È da tempo protagonista di una azione di sensibilizzazione a tutto campo sul problema del sovraffollamento e delle condizioni di vita spesso estreme che si sperimentano dentro le carceri italiane. Ha scritto una serie di lettere pubbliche con cui attraverso scene vivide e toccanti, ha smosso le coscienze di molti, raccontando ciò che sta vivendo in prima persona in questa stagione della sua vita lontana dalla ribalta delle cariche istituzionali e parlamentari. Ha chiesto alla politica di venire a vedere come si vive nei penitenziari e visitare il suo braccio, il G8, sigla che aggiunge un tocco di amara ironia al suo forzato soggiorno.
Gianni Alemanno - detenuto a Rebibbia dal 31 dicembre 2024 per non aver rispettato gli obblighi che gli erano stati imposti dai giudici di sorveglianza dopo la condanna definitiva per influenze illecite - nei giorni scorsi aveva indirizzato una lettera aperta ai presidenti delle Camere, chiedendo loro di venire a conoscere la realtà e la quotidianità carceraria.
Ieri ha ottenuto un primo risultato. Il Presidente della Camera Lorenzo Fontana ha varcato i cancelli del carcere di Rebibbia (Ignazio La Russa lo aveva fatto alcune settimane fa). Un gesto di presenza istituzionale in un luogo emblematico delle emergenze del sistema penitenziario. Accolto dalla direttrice Maria Donata Iannantuono e da una delegazione della polizia penitenziaria, Fontana ha rinnovato la propria
stima e riconoscenza per chi lavora nelle carceri. Ha poi incontrato alcuni detenuti, compreso l’ex ministro ed ex sindaco di Roma.
«Ci tenevo a essere qui per manifestare la piena vicinanza a chi opera in queste strutture esprimendo attenzione ai temi emersi in relazione alla situazione carceraria e ricordando la seduta straordinaria che si è tenuta alla Camera lo scorso 20 marzo. Occorre continuare a lavorare con determinazione per superare problemi storici come il sovraffollamento e la carenza d'organico», ha dichiarato Fontana. Un primo passo per portare fuori dal «buco nero » – come lo ha definito Alemanno – un universo che grida per ottenere visibilità e cambiamento.
La lettera aperta inviata ai presidenti delle Camere era stata firmata da due «persone con esperienze molto diverse una contraddistinta da un pluridecennale impegno politico e istituzionale, l'altra da una lunghissima esperienza carceraria vissuta studiando Giurisprudenza e lavorando come scrivano al servizio delle altre persone detenute». Cioè Gianni Alemanno e Fabio Falbo, detenuto da 20 anni durante i quali si è laureato in giurisprudenza.

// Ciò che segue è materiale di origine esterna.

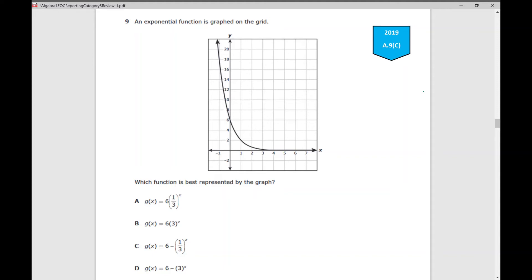In this video, we're going to be working through problems from the 2019 version of the Algebra 1 EOC for the State of Texas, all questions from reporting category number 5. This category mainly deals with exponential equations and functions.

«Mentre le temperature superano i 45 gradi, i ventilatori sono un lusso per pochi, le celle sono camere a gas, le docce funzionano a intermittenza e l'acqua potabile scarseggia, ogni estate si ripete lo stesso copione: suicidi, proteste, appelli, e poi il silenzio»
COLLOQUIO L’incontro a Rebibbia tra Lorenzo Fontana, presidente della Camera, e Gianni Alemanno
si legge nella lettera. «Qui si muore di caldo, ma la politica dorme con l’aria condizionata. Se uno studente volesse sperimentare il significato di ‘gradiente termico’ dovrebbe venire qui: salendo al secondo piano, si arriva a quasi dieci gradi in più rispetto al piano terra… “l’effetto forno” è una realtà». Come ha raccontato Edoardo Albertario, l’avvocato dell'ex sindaco, Alemanno «è in una cella con altre cinque persone, le temperature sono proibitive. Rebibbia è un carcere tutto lamiera: l'estate diventa un inferno. Al G8 ci sono stati tentativi di suicidio, questa situazione va denunciata».
Il clima rovente si accompagna a un sovraffollamento che ferisce la dignità. «A San Vittore il tasso di sovraffollamento ha superato il 220%, a Regina Coeli nel cuore di Roma è al 192%, mentre quello medio di tutti gli istituti è del 133%».
Nel 2024, ben 71 persone detenute si sono tolte la vita - sottolineano nella lettera - , «nei primi sei mesi del ’25 siamo già a 38, un suicidio ogni cinque giorni, numeri che gridano vendetta, ma che non fanno rumore, perché chi muore in carcere, spesso, muore due volte, nella cella e nell'indifferenza collettiva».